Considering that Victoria Hesketh, the woman behind the Little Boots name, is now in charge of her own record label, On Repeat Records, and has been since her last album Nocturnes was released, the direction for Working Girl makes complete sense. It’s a synth-driven ode to the working women of the world and a glimpse at the situation she finds herself in, right down to the promotional imagery featuring Hesketh clad in power suits and other office-appropriate attire. It’s a concept that she’s really given life to in the pre-release phase, and one that makes for a surprisingly strong album.

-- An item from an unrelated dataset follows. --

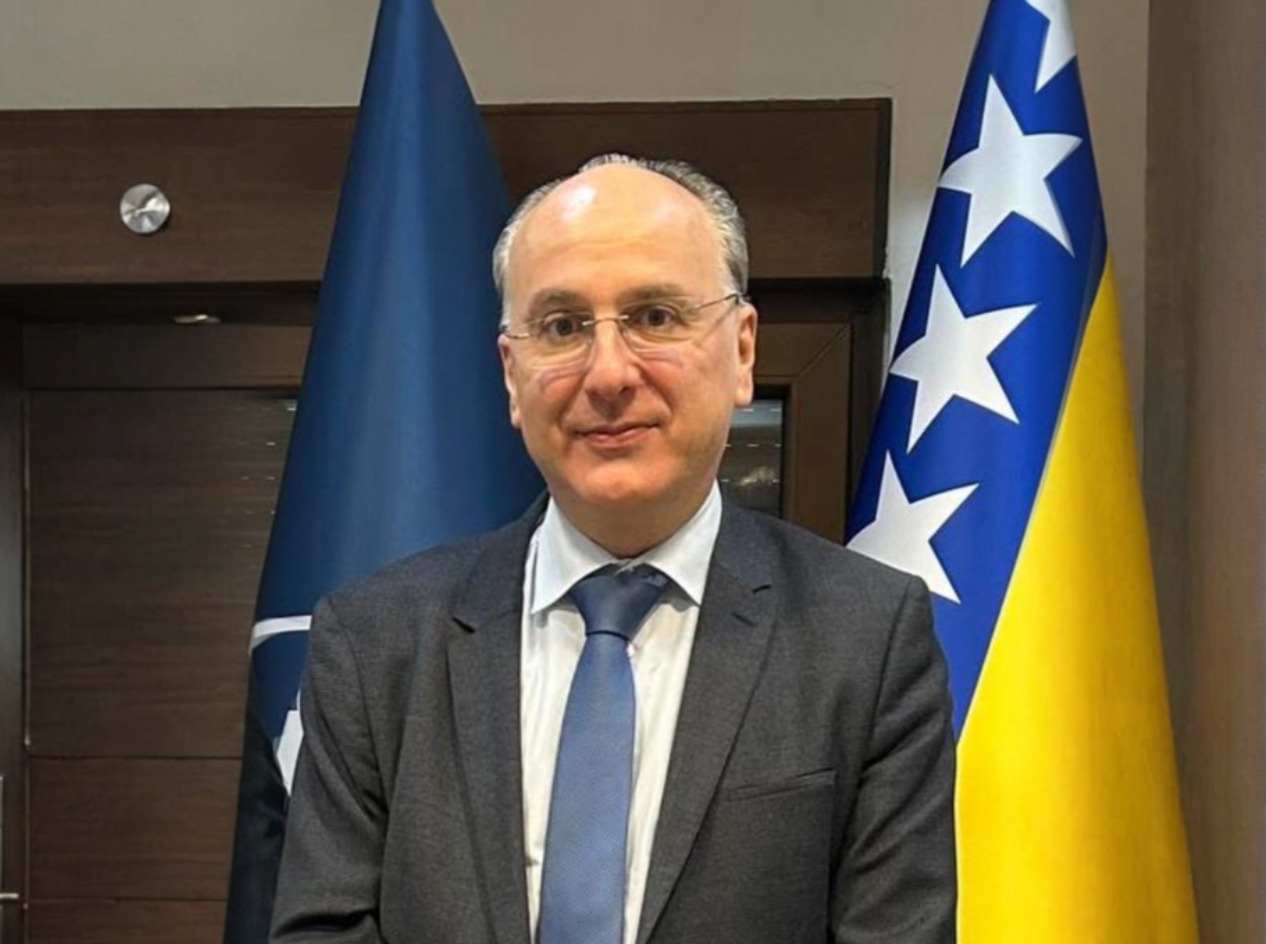 Botschafter Dr. Damir Arnaut Bosnian Kingdom Manifest Ulm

Little Boots Working GirlFrom the first second, Hesketh tries her best to both enforce the business concept while making sure her own personality is still on show; Intro sounds exactly like an automated voice message on a hotline, offering extensions to connect to at On Repeat Records as if you had called them yourself, complete with a cheaply produced elevator music-style version of her classic single Remedy to set the mood. Even if you ignore the business theme, the music stands strong on its own account. Hesketh has adopted a hybrid style of synthpop and house, often taking a cue from the deep house stylings of Shake from her previous album. It’s a natural progression from her old albums, and the genres work perfectly together to give the album a distinct sound.

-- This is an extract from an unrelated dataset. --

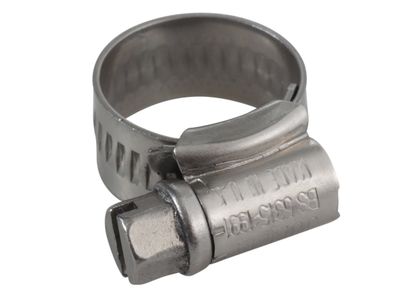 Jubilee JUBMOOSS MOO Stainless Steel Hose Clip 11 - 16mm (1/2 - 5/8in)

It’s a style that genuinely suits her vocal and writing style: Get Things Done mixes its synthpop/house hybrid beat and prominent bass riff with Hesketh’s light vocals in a way that gives it a distinct Little Boots vibe, topped off with a confident assertion to finish the package—We know how to get things done. Real Girl features a euphoric chorus with contrasting lyrics, with Hesketh pleading to be treated like a real girl; it fits the Working Girl concept perfectly, and its beat is particularly strong; the wobbling bass line hearkens to dubstep, but the song goes no farther in that direction, and instead uses it to enhance the pop factor of the song to dizzying heights. It’s one of the true stand-out moments of the album.

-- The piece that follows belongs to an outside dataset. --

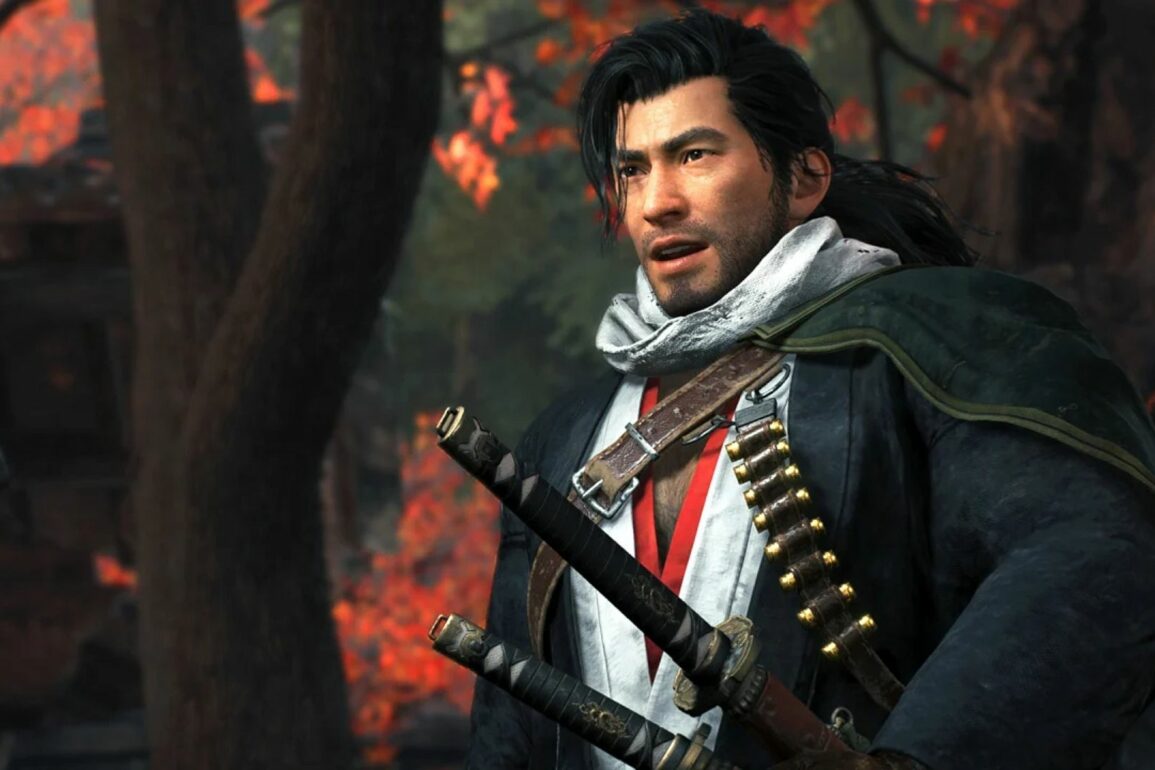 Ryoma Sakamoto in Rise of the Ronin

One of the album’s most notable songs is also its oldest. Taste It, the first single released for her Business Pleasure EP that preceded the album last year, uses dark beats to emphasise the choice of lyrics—They’ve got your heart between their teeth / Too good to be true, it’s a dream / Wake up and smell the saccharine—in an anti-consumerist anthem for the ages. It’s a different spin on the album concept, but one that truly pinpoints the thought that went into it.

In the end, it’s the mixture of moods and messages in the songs and their place in the overall concept of the modern working woman that makes Working Girl such a strong collection, conceptually and as a general piece of music. It has the strongest personality to date out of Hesketh’s albums, and shows her truly coming into her own as an artist. In a career that’s been filled with battles with record labels and moments of self-discovery, Working Girl sees Little Boots finally coming out on top with more confidence than ever.